Sur le Bouclier canadien les centres miniers abondent: gisements
de nickel, de cuivre, de zinc, d'or, de minerai de fer, d'argent,
de magnésium, de platine. Sont également exploités
le gaz naturel et le pétrole (champ de Leduc, Alberta),
le soufre, le charbon (dont 90 % à ciel ouvert)
et la potasse (Prairies et piémont des Rocheuses). L'hydroélectricité
provient pour 45 % de la baie James, au Québec;
la part totale du nucléaire ne dépasse pas 17 %.
L'exploitation
de la forêt a permis le développement économique
des espaces périphériques; l'essentiel du bois
est maintenant traité dans des usines de pâte à
papier, produit dont le Canada est le premier fournisseur mondial.
La Colombie-Britannique, qui possède à elle seule
près de la moitié du volume forestier utile du
pays, est la province la plus concernée par l'équilibre
exploitation-conservation.
Industrie
Avec 18,1 % de la population active, l'industrie constitue
le deuxième employeur du pays, après les activités
de services (73,5 %) mais loin devant le secteur agricole
(4,5 %) et les mines (3,9 %).
La
structure industrielle de l'économie canadienne a fondamentalement
changé depuis 1950. L'exportation massive d'hydroélectricité,
la croissance du marché national et les apports financiers
des États-Unis ont permis la mise en place d'une économie
moderne et dynamique. L'industrie du matériel de transports
(dont l'automobile) et celle des machines offrent les meilleurs
exemples de cet élargissement industriel, qui passe aussi
par les constructions aéronautiques et ferroviaires.

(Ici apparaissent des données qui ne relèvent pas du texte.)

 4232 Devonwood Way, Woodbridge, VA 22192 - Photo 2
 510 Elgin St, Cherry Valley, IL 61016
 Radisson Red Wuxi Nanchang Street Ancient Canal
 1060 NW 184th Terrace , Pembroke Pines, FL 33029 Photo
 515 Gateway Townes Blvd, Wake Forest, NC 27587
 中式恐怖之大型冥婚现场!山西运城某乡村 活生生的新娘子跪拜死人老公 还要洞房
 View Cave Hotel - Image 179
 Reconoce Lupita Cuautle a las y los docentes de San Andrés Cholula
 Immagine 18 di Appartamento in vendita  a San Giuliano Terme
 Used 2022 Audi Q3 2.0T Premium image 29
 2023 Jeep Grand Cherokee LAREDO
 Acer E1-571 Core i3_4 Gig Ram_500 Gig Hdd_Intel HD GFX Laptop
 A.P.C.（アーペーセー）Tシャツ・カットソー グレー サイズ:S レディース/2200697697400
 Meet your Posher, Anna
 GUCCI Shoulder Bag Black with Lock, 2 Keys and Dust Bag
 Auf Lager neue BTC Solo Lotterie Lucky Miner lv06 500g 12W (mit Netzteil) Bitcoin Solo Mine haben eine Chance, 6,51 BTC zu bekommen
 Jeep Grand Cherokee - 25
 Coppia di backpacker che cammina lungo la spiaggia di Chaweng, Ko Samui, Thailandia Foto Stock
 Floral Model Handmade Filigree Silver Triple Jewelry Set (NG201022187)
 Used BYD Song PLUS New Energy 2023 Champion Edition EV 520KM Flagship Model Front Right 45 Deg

Les produits manufacturés représentaient 70 %
de la valeur des exportations en 1994, contre à
peine 20 % trente ans auparavant.
Commerce
et services
Les services (73,5 % du PNB) sont l'élément
le plus important de l'économie canadienne. Les services
socioculturels, commerciaux et personnels (4,9 millions
d'employés) et le commerce (2,3 millions d'employés)
en sont les branches essentielles. Les provinces de l'Ontario
(Toronto), du Québec (Montréal) et de la Colombie-Britannique
(Vancouver) connaissent les plus fortes concentrations de services;
les autres provinces disposent toutefois d'un bon équipement
en commerces et services, grâce à l'existence d'une
structure fédérale et à la répartition
équilibrée de l'administration publique.